Landauer discusses in this article a computer model developed by his team based on a psychological theory called Latent Semantic Analysis (LSA). The primary emphasis in this model is on simulating several aspects of human cognition including understanding word and passage meaning and comprehending text. It simulates the learning process of school children, makes human-like assessment of semantic relation between words, and demonstrates its ability to answer multiple choice questions based on certain texts.
The LSA, based on mathematical and computational models, expresses ideas about word meaning based on the relations between word meanings in a semantic space. This approach is based on the psychological theory that humans associate perceptual objects and experience (including words) that are located near to each other in time. LSA creates a semantic space and establishes links between each word type in that space. By combining all the links in a common semantic space, it assures a unique location to each word and passage within it. To do this, the model uses an analogy of the method used in mapping the earth, while it assumes that the brain adopts a similar method in human cognition. It makes an initial estimate of closeness between words (by measuring how often they occur in the same meaningful context as compared to how often they occur in different contexts) and computes a correlational index. In the next step, it fits all the separate pieces of relations within a common space with as little distortion as possible.
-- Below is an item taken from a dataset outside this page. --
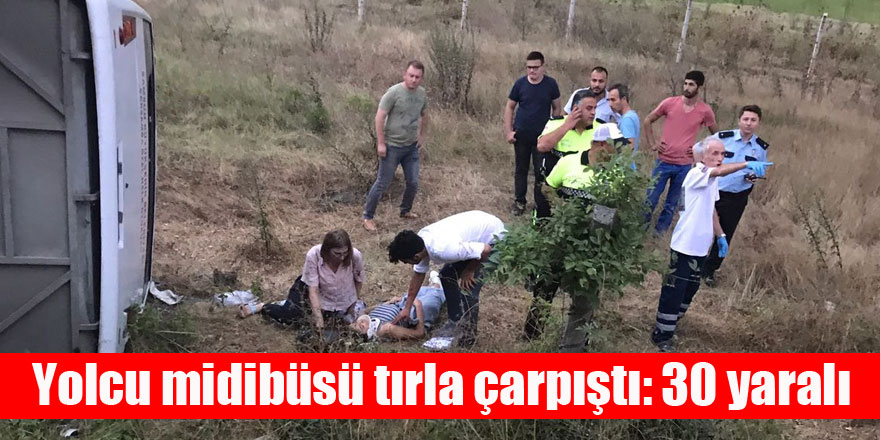 Yolcu midibüsü tırla çarpıştı: 30 yaralı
The model has been tested in simulating vocabulary learning tasks of school children. While doing so, the model has demonstrated its ability in indirect learning also. It shows good performance in its knowledge in word meaning, and could demonstrate the influence of context in case of ambiguous words. Its performance in multiple choice questions based on psychology texts has been shown to be comparable to the performance of actual students in two major universities. Among other applications, LSA has been shown to represent passage meanings as well as word meanings as a single point in its semantic space. Similarly, the model has been used in essay answers about factual subjects to measure the quantity and quality of conceptual contents.